Other embodiments of the invention provide a method for treating a subject with a peptide inhibitor of the invention with an increased half-life. In one aspect, the invention is administered in vitro or in vivo (eg, to a human subject) sufficient to administer a therapeutically effective amount daily (q.d.) or twice daily (bi.d.). Provided is a peptide inhibitor having a half-life of at least several hours to 1 day. In another embodiment, the peptide inhibitor has a half-life of 3 days or longer, sufficient to administer a therapeutically effective amount weekly (qw). In addition, in another embodiment, the peptide inhibitor has a half-life of 8 days or longer, sufficient to administer a therapeutically effective amount biweekly (biw) or monthly. In another embodiment, the peptide inhibitor is derivatized or modified so that it has a longer half-life compared to an underivatized or unmodified peptide inhibitor. In another embodiment, the peptide inhibitor contains one or more chemical modifications to increase the serum half-life.

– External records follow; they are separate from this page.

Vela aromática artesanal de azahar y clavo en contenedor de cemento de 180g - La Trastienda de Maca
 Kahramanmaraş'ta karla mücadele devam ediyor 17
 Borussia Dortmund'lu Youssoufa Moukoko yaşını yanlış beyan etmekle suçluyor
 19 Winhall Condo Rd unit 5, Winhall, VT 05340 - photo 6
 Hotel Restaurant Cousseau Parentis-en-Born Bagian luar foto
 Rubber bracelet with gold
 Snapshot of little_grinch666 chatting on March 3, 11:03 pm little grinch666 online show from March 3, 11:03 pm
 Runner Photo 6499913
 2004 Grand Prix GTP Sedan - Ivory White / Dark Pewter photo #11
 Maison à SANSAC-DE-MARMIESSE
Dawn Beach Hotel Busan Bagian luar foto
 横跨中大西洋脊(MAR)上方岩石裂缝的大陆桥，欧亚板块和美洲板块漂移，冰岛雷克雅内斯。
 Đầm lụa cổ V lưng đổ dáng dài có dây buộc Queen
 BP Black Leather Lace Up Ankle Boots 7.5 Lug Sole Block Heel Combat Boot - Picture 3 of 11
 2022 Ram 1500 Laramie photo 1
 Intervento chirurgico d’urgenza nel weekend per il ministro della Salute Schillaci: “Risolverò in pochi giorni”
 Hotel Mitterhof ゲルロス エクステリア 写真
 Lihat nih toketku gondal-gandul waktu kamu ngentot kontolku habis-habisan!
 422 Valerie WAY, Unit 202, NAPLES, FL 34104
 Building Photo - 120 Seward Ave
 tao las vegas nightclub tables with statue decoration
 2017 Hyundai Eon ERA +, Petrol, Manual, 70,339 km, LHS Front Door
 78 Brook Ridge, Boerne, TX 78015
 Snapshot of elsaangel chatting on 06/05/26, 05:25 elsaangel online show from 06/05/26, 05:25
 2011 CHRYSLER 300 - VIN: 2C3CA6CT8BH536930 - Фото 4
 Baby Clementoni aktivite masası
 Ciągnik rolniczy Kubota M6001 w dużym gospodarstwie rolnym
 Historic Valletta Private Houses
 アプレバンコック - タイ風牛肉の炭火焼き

When used in at least one of the treatments or delivery systems described herein, the peptide inhibitors of the invention are such in pure form or in the presence of pharmaceutically acceptable salt forms. Can be used in form.

The total daily usage of the peptide inhibitors and compositions of the present invention can be determined by the attending physician within the scope of sound medical judgment. The level of a particular therapeutically effective dose for any particular subject depends on a variety of factors, including: a) the disorder being treated and the severity of the disorder; b) the activity of the particular compound used. C) Specific composition used, patient age, weight, overall health, gender and diet; d) Time of administration, route of administration, and rate of excretion of the specific peptide inhibitor used; e) Treatment Duration of; f) Drugs used in combination with or at the same time as the particular peptide inhibitor used, as well as factors well known in the medical arts.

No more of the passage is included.